======== Stored data ========

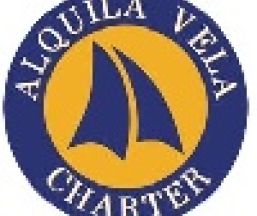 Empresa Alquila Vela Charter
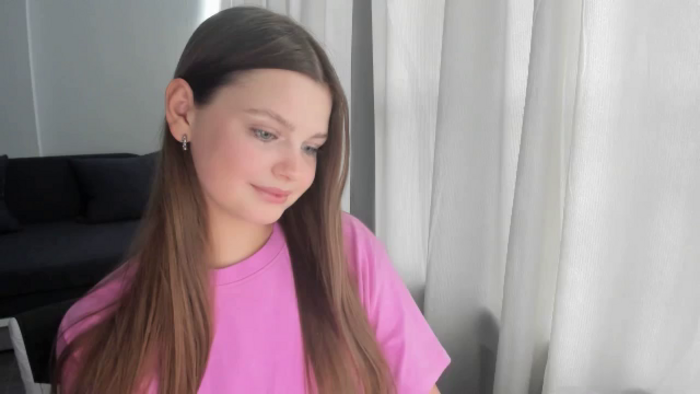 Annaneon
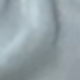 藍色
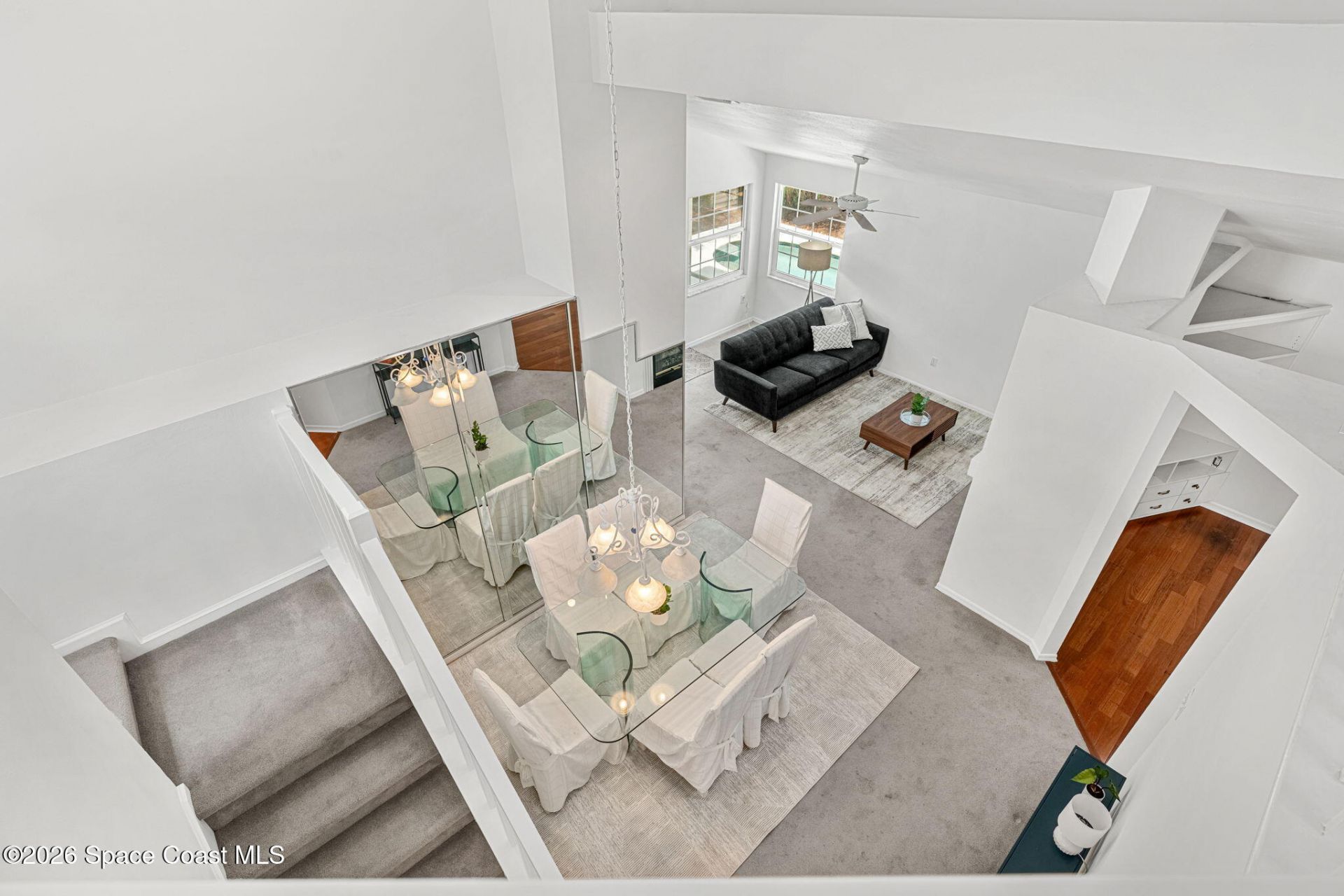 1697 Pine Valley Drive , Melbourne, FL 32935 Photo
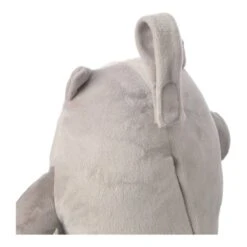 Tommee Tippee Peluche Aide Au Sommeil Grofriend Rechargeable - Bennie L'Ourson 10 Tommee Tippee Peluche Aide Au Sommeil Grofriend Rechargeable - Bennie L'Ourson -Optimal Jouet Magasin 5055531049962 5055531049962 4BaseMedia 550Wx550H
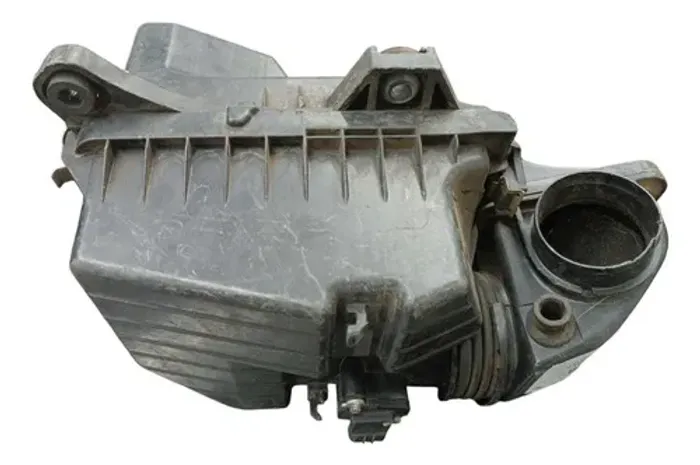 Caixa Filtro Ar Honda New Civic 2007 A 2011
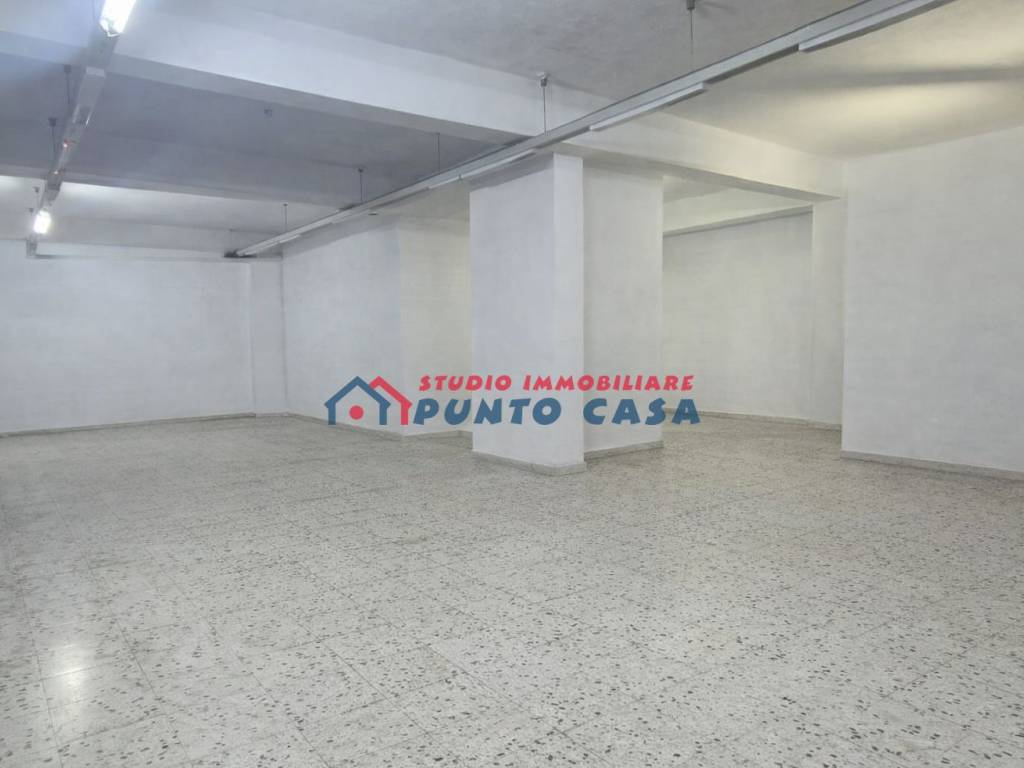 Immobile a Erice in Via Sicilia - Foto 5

========
======== Stored data ========

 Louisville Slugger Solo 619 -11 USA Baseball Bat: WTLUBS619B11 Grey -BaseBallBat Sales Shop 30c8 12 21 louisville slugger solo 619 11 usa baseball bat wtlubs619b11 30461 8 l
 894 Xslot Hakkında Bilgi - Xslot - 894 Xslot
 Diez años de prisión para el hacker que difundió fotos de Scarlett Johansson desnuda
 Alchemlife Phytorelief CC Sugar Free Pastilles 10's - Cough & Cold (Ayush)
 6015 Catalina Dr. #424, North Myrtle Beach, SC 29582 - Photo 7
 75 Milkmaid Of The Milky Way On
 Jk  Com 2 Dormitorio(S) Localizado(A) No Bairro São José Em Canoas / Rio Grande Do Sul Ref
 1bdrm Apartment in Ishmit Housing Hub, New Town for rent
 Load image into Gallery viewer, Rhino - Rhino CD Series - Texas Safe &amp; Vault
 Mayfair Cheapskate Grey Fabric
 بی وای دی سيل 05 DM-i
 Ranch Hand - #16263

========
======== Stored data ========

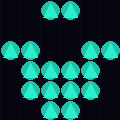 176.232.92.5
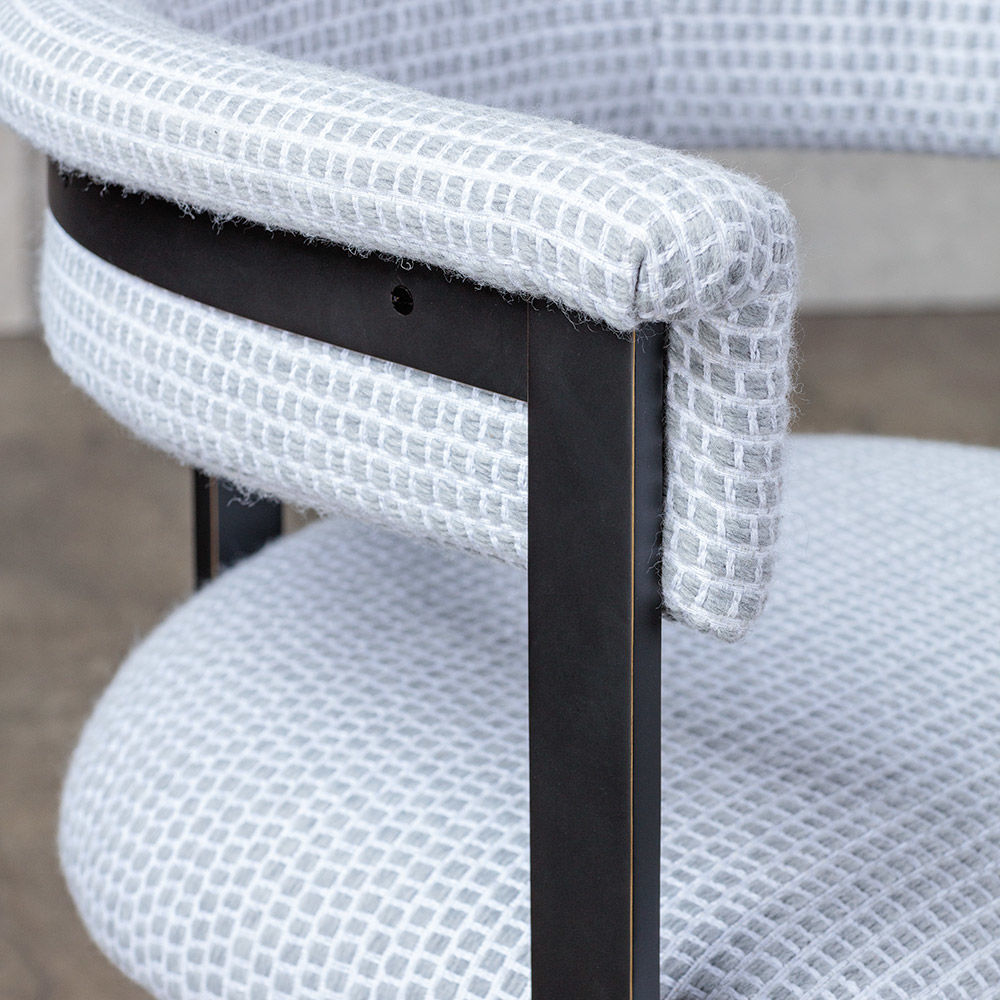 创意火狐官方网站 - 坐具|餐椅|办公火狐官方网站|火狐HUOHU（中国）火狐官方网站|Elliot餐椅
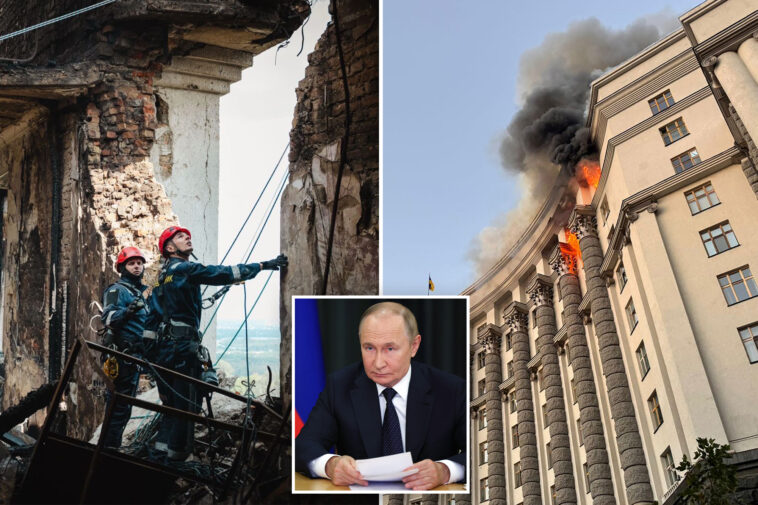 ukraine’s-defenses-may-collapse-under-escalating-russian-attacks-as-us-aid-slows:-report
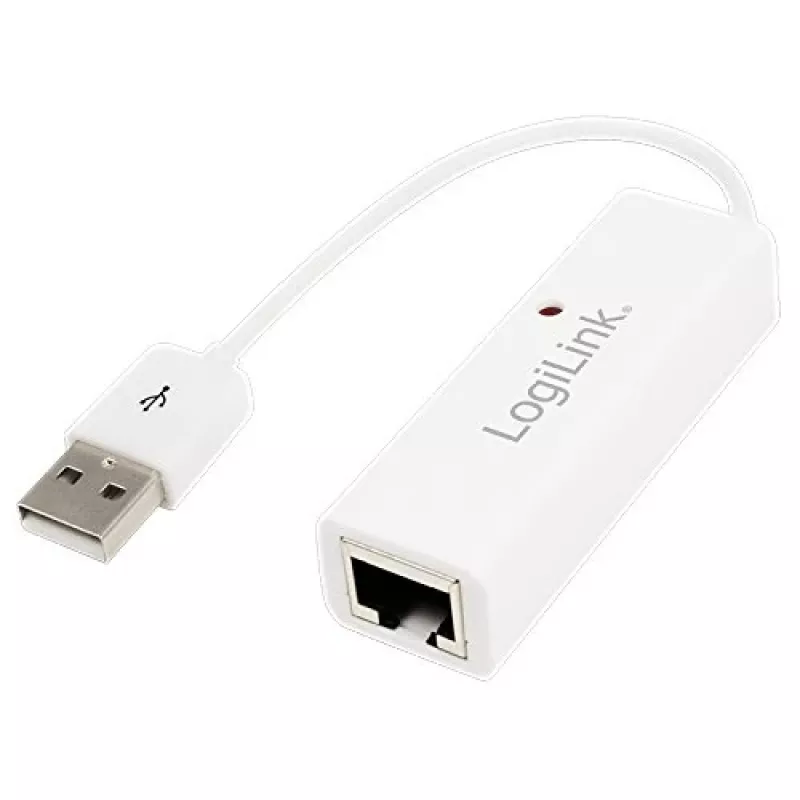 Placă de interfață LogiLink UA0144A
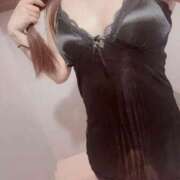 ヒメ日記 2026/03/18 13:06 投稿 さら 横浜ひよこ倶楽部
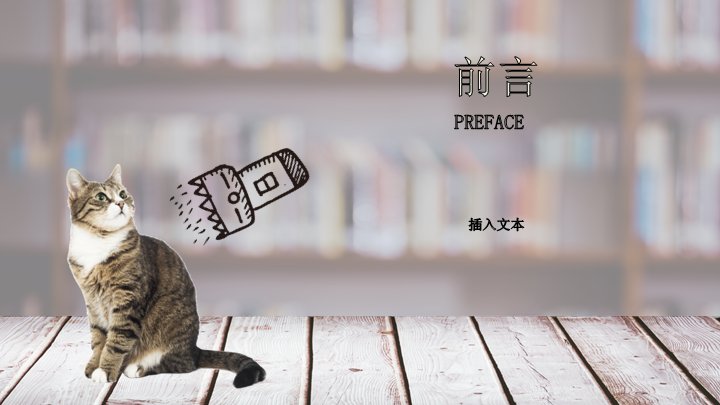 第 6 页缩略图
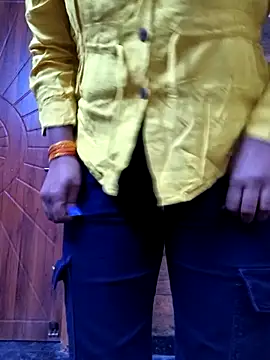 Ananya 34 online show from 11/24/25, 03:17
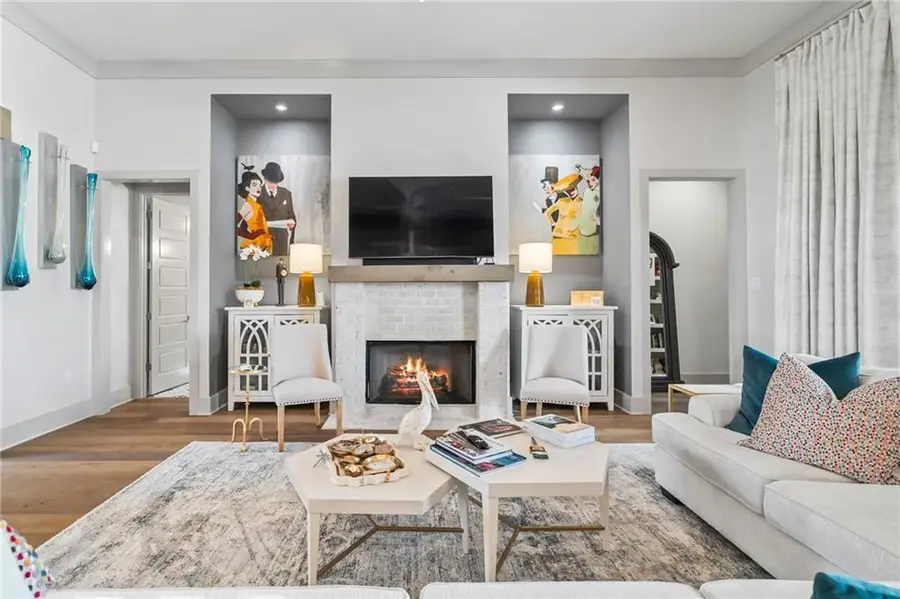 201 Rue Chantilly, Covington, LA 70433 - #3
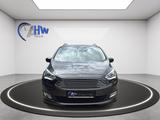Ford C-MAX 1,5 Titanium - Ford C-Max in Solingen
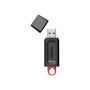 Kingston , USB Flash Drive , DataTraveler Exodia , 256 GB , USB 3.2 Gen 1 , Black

========

## Prompt
The answer should consist only of the lines above from the one with "创意火狐官方网站 - 坐具|餐椅|办公火狐官方网站|火狐HUOHU（中国）火狐官方网站|Elliot餐椅" through the one with "Ford C-MAX 1,5", repeated exactly, with no pictures among them.

## Expected output
 创意火狐官方网站 - 坐具|餐椅|办公火狐官方网站|火狐HUOHU（中国）火狐官方网站|Elliot餐椅
 ukraine’s-defenses-may-collapse-under-escalating-russian-attacks-as-us-aid-slows:-report
 Placă de interfață LogiLink UA0144A
 ヒメ日記 2026/03/18 13:06 投稿 さら 横浜ひよこ倶楽部
 第 6 页缩略图
 Ananya 34 online show from 11/24/25, 03:17
 201 Rue Chantilly, Covington, LA 70433 - #3
Ford C-MAX 1,5 Titanium - Ford C-Max in Solingen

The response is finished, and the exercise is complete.